Site-to-Site VPN after 2.6 upgrade stop working

SteveITS

@sidekickgmbh said in Site-to-Site VPN after 2.6 upgrade stop working:

Yes, but I could not directly discover anything that could lead to the problem

If you install the System Patches package there's a patch "Fix Captive Portal handling of non-TCP traffic after login (Redmine #12834)" that affects UDP packets.

There's also a couple forum threads about captive portal blocking traffic if using limiters, though that doesn't sound like your issue.

SidekickGmbH

Hello everyone, interim result: The tunnels have not been running since yesterday (same symptoms). I'm now starting to downgrade the other side (then I won't have 2.6 on both sides of the tunnel) and hope that I can get everything stable again.

SidekickGmbH

@SteveITS i will try in the lab! Thanks for the tip!

NOCling

Set the hardware crypto right, because the 4100 uses QAT and not AES-NI, there was a problem with that.

After the change, reboot so everything loads correctly and QAT is active, AES-NI inactive. Is it working now?

SidekickGmbH

@nocling Nope. arhh

timboau 0

@sidekickgmbh
There is something very wrong.. attempting a fresh 2.6 importing only IPsec configs - this isn’t the only post about this. I’ve offered Netgate or anyone to have a look 2.5 really great - 2.6 upgrades with many IPsec configs horrible downgrading back to 2.5 stable

timboau 0

So after an afternoon of playing here is what I found.

Update 2.5 to 2.6 - breaks ipsec
Clean 2.6 install - restore backup - breaks ipsec
~~Clean 2.6 restore parts (interface,nat,rules,ipsec) - all ok!~~

What a piece of rubbish - running for a while and IPSEC tunnels now drop and won't reconnect

Currently, I can boot 2.6 the tunnels come up and work 100% fine. Then some will drop and just not reconnect - no config changes on either side. They connections drop well before the natural timeouts of the VPN

There are messages
Both sides seem to be attempting to connect but the 2.6 side doesn't reply to the 2.5 trying to connect.
ignoring acquire, connection attempt pending

timboau 0

IPSEC apparently auto-creates rules for incoming port 500 & 4500 traffic - is there any way where I can see these rules listed?

Interestingly I also run NAT 500&4500 for Ipsec internal VPN server - never had an issue with this before. Turned off NAT to the server and didnt seem to make any difference and never has been an issue previouslydidn't

SteveITS

@timboau-0 One can view the rules table:
https://docs.netgate.com/pfsense/en/latest/troubleshooting/firewall.html#ruleset-failing-to-load

"The ruleset can also be verified from the console or Diagnostics > Command in the Shell Execute box by running:

pfctl -f /tmp/rules.debug
"

timboau 0

@steveits the remote subnets im having issues with are the table <vpn_networks> & table <negate_networks> on both devices.

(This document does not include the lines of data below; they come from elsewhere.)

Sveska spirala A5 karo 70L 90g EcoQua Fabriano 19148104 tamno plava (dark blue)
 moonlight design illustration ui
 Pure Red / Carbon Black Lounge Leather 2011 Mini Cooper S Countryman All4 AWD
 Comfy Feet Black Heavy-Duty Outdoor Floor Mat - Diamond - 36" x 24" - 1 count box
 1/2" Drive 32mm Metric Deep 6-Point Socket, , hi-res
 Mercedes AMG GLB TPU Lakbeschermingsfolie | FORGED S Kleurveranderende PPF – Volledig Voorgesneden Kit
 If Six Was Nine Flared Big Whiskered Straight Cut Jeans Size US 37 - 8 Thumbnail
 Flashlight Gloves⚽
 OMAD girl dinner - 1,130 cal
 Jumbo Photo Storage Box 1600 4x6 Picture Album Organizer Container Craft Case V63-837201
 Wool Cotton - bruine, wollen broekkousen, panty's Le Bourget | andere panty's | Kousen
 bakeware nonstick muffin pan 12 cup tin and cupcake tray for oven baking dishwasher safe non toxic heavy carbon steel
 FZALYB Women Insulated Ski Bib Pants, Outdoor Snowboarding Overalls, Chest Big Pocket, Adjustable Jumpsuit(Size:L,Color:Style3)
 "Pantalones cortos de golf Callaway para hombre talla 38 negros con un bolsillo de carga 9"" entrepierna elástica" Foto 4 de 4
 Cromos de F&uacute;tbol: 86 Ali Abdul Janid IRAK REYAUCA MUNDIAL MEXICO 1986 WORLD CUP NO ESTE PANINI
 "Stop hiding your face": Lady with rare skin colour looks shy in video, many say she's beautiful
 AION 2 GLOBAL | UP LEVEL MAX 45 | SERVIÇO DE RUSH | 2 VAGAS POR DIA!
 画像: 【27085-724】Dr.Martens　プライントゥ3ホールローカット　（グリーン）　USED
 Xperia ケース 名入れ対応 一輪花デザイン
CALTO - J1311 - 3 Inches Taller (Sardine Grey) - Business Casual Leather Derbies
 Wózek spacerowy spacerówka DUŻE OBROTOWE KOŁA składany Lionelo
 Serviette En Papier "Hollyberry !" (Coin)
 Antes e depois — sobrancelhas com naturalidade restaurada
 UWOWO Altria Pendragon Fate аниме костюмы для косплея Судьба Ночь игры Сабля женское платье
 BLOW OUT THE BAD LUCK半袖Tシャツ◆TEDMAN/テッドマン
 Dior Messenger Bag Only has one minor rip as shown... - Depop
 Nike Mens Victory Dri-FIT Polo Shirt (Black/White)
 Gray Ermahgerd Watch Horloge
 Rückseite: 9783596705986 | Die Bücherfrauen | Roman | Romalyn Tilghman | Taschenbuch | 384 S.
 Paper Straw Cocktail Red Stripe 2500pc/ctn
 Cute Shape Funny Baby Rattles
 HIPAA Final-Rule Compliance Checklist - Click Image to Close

The only rule relating to those tables appears to be scrub from any to <vpn_networks> max-mss 1300
scrub from <vpn_networks> to any max-mss 1300

There are the NAT inbound Redirects in place for Port 500 & 4500 for the internal IPSec server

There appears in place the VPNRules for passing traffic to/from the WAN upstream gateway for each side of the Ipsec connections

timboau 0

Ive had a play with this again over the Easter break - whats the rules around both sides trying to connect to each other at the same time? (under 2.5 it just worked either side brought up the link - in fact, it generally never dropped)
There are multiple entries about:
ignoring acquire, connection attempt pending
On this side, there is an incoming SA (unnamed): #8084 as a responder
there is also an initiator outbound SA (neither connect successfully) after a while they both seem to give up then one side manages to connect first and the link comes up. (this can a few minutes as they battle to connect)
I have this setup still up and running if anyone has any time for a look - doesn't take long for one of the tunnels to drop then not reconnect for a while.
All ipsec configs must be ok - firewall etc all ok as they eventually connect and work as expected they are just dropping really often and then not reconnecting as they did under 2.5

regnauld

Want to confirm we're seeing the exact same thing here - we've got a bunch of 2.4.x in production we just upgraded to 2.6.0, with quite a few tunnels going between them, and it's been running flawlessly for 2 years now. All are running virtually, and on the other side we've got a mix of netgate 2100s recently upgraded to 23.01.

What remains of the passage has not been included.